# Long 2460 3 point hitch won’t go up all the way.



## Stuart1 (Oct 21, 2018)

I have a 1990’s Long 2460 tractor. It seems to be a pretty rare model. The 3 pt hitch moves up a total of maybe 10 inches. However, to move it up, I have to position the lever at the top and lower it to the middle. If i move the lever all the way to the top the 3pt drops to the ground. If I move the lever to the bottom the hitch drops to the ground. For the top connection on the hitch, there is a hydraulic that operates it that works fine. Is my fluid low? The dipstick is confusing as it has 4 marks on it. 2 on one side and 2 on the other. None of the marks line up. I have always filled the fluid to the middle of the 4 marks. Could my issue be low trans fluid? The pictures are of both sides of the dipstick.

Thanks for the help!


----------



## RC Wells (Dec 26, 2008)

You need to start with your Operator's Manual, and read the section on the three point controls. It sounds as if the draft control is improperly set, but the manual will describe how to set that.

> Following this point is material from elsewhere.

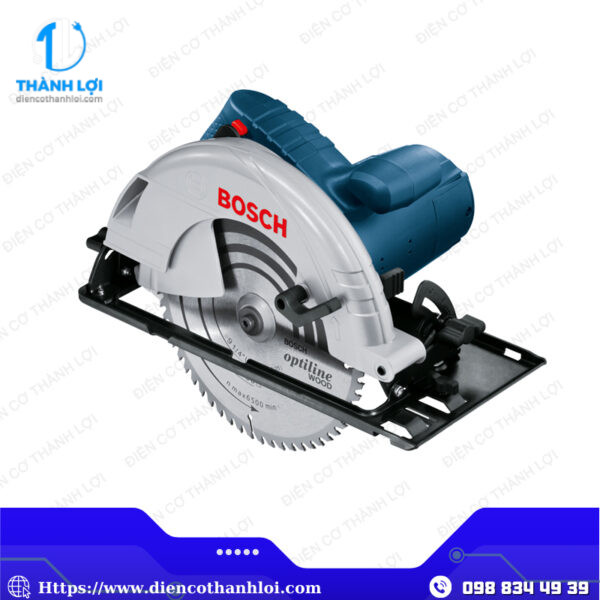 Máy cưa đĩa Bosch GKS 235 Turbo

Then refer to the Service Manual for how to check the fluid level. I know they take 5.25 US gallons of fluid without a loader, but would need the manuals to know status of measurement with the stick.


----------



## Stuart1 (Oct 21, 2018)

I have the owners manual. It doesn’t go into specifics with the marks on the dip stick and the level fluid should be on it. I just moved into my house so I’m not sure where the manual is. But it pretty much says “check the dipstick for the fluid level.” I’ll take a look again at that section. I have not been able to locate a service manual. Its difficult to find anything for this tractor. I see plenty of 460 and 2360 models.

Below is the manual that I have.


----------



## RC Wells (Dec 26, 2008)

Take a look here and it may well be worth a call to this vendor to verify the manual covers your tractor. You will need the serial number when you contact them.

The three point control has an internal leaf spring and a shaft with a gear, both of which can fail and create the issue you have. But you need the correct manual to repair and calibrate the system.

http://www.longparts.com/service-manual-p-4727.html


----------



## Stuart1 (Oct 21, 2018)

I’ll have to look into that in the next couple days. Thanks yall. If I can get the hitch straight, it will be a great tractor.


----------